#### INPUT FOR THIS TASK:
Start of Block
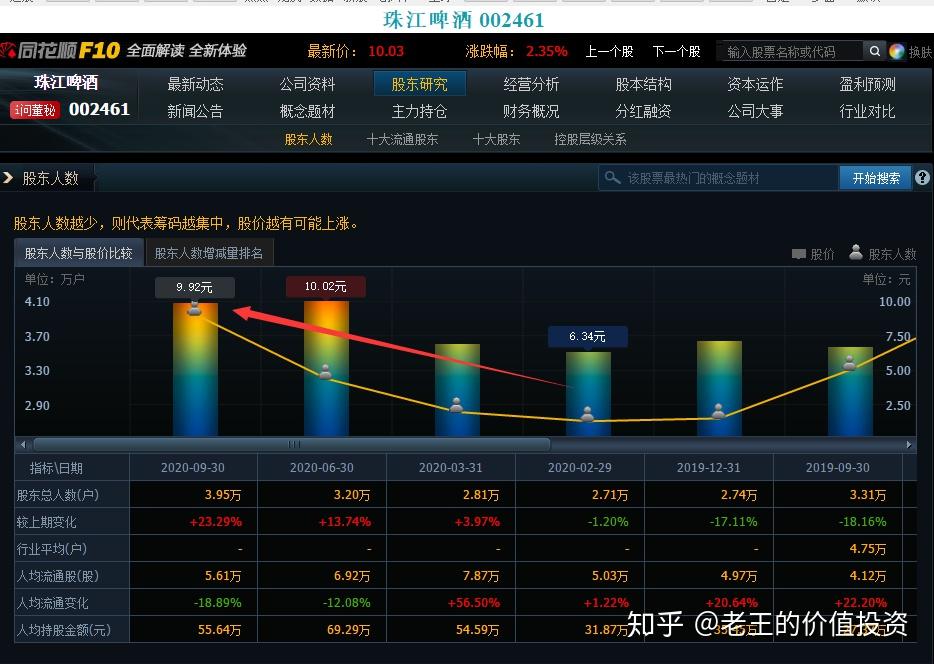 以燕京啤酒珠江啤酒為例大資金是怎麼完整操作一隻股票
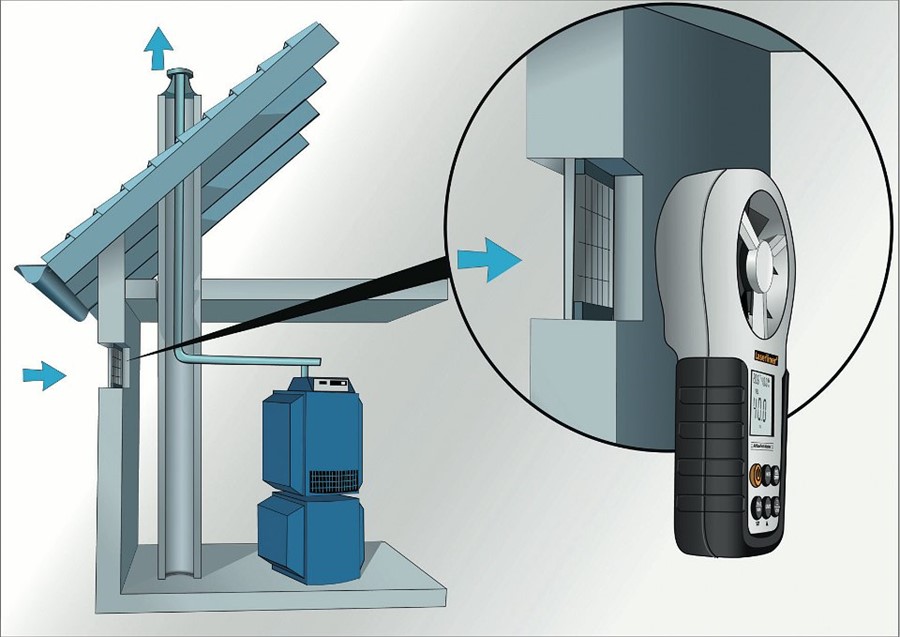 Air Flow Test Master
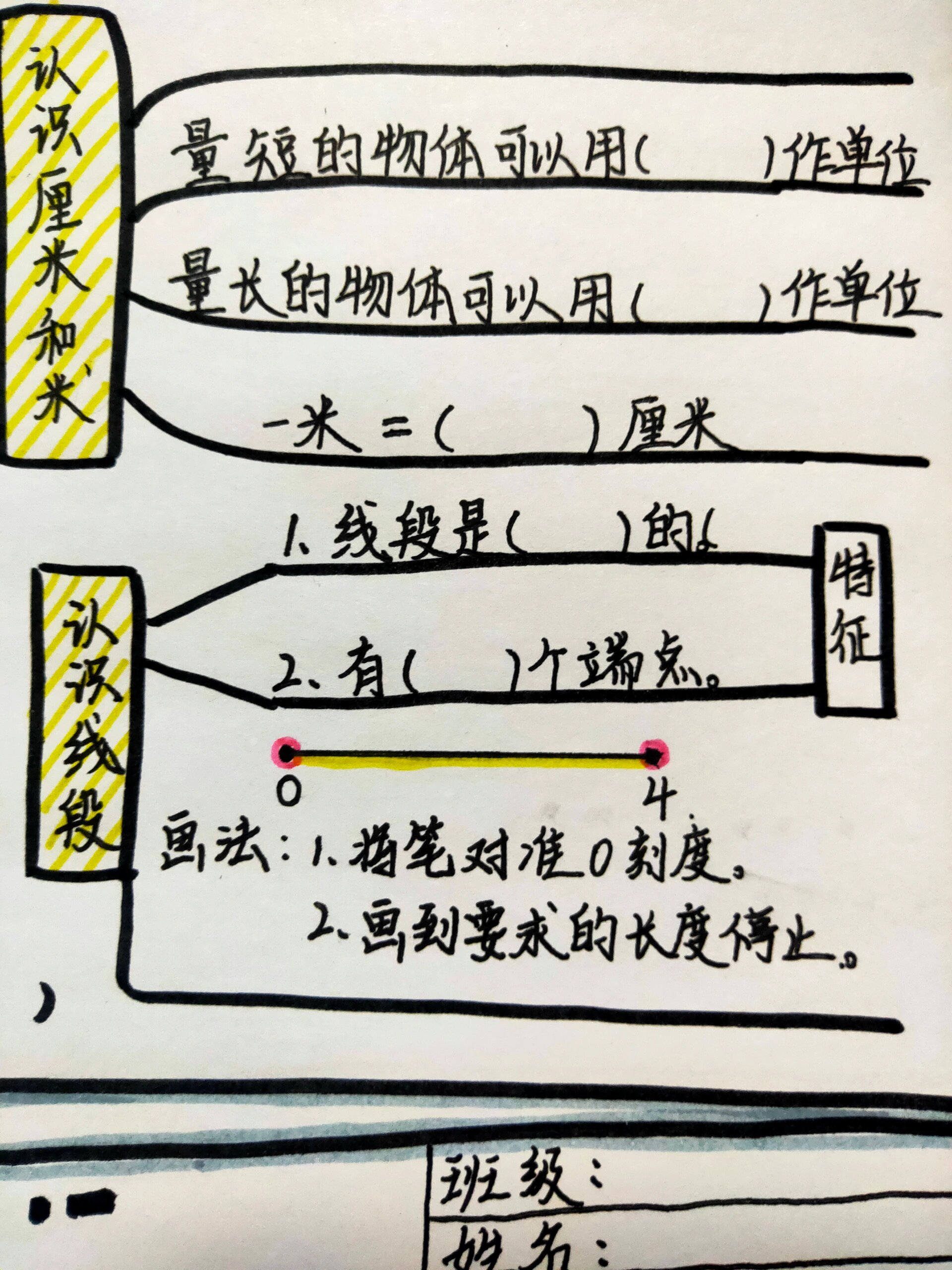 二年级数学第六单元思维导图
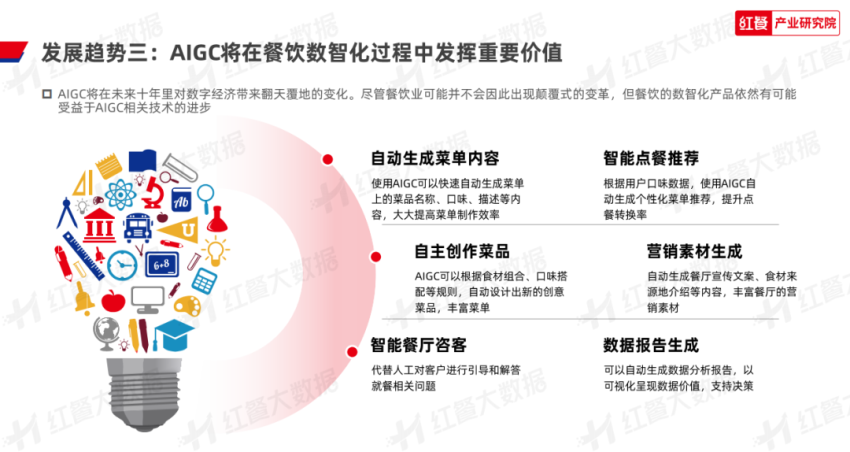 半岛官方网站《2023年中国餐饮数智化发展报告》发布：餐饮数智化即将迈入“深水区(图14)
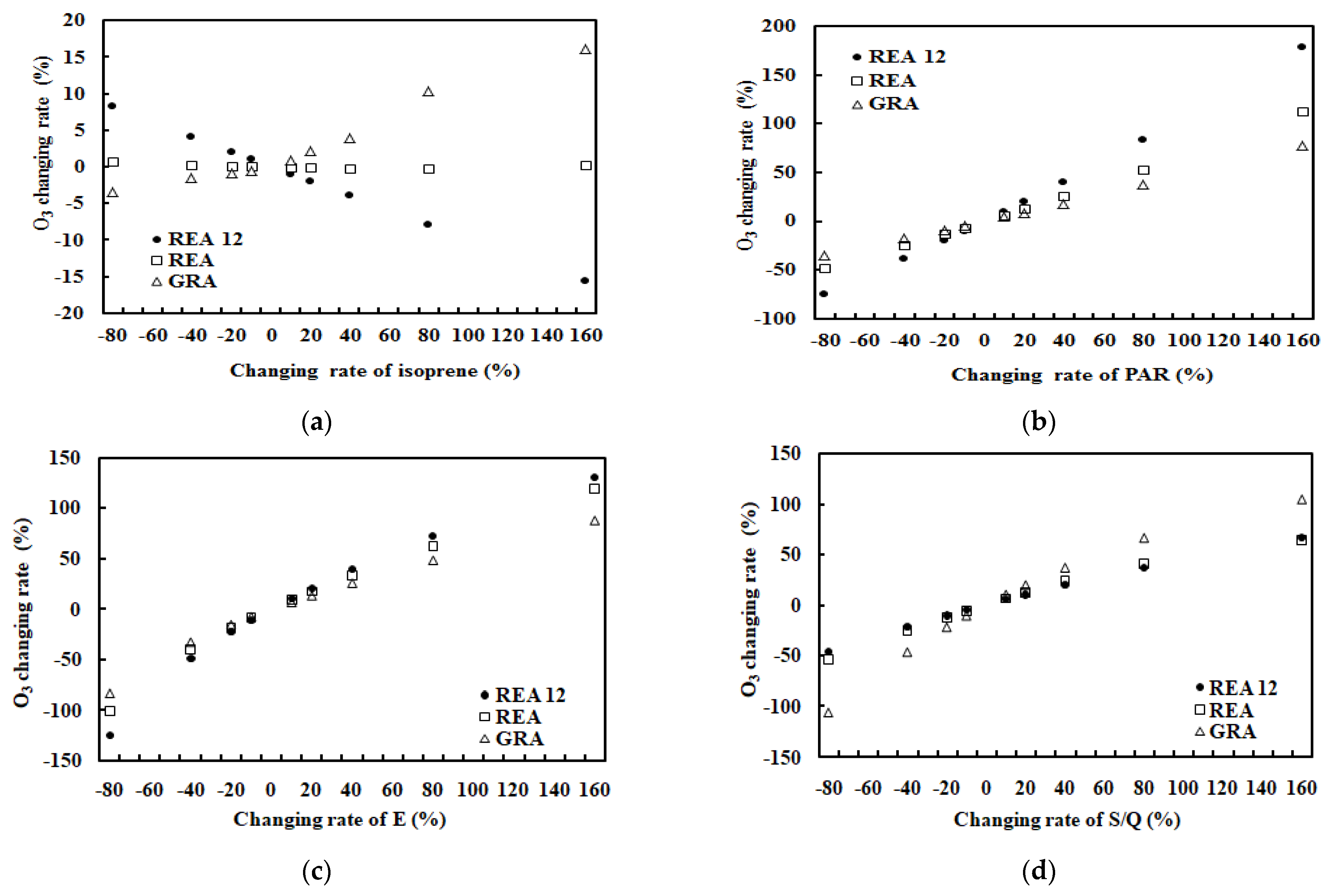 Atmosphere 12 00711 g005
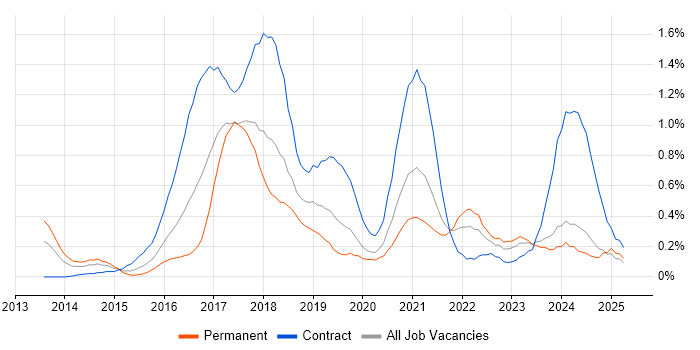 Job vacancy trend for Apache Hive in Buckinghamshire Job vacancy trend for Apache Hive in Buckinghamshire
End of Block
#### TASK DETAILS:
Write down exactly the lines running from the line with "Air Flow Test Master" through the end of the material, both ends included, and none of the pictures.

#### ANSWER FOR THIS EXERCISE:
 Air Flow Test Master
 二年级数学第六单元思维导图
 半岛官方网站《2023年中国餐饮数智化发展报告》发布：餐饮数智化即将迈入“深水区(图14)
 Atmosphere 12 00711 g005
 Job vacancy trend for Apache Hive in Buckinghamshire Job vacancy trend for Apache Hive in Buckinghamshire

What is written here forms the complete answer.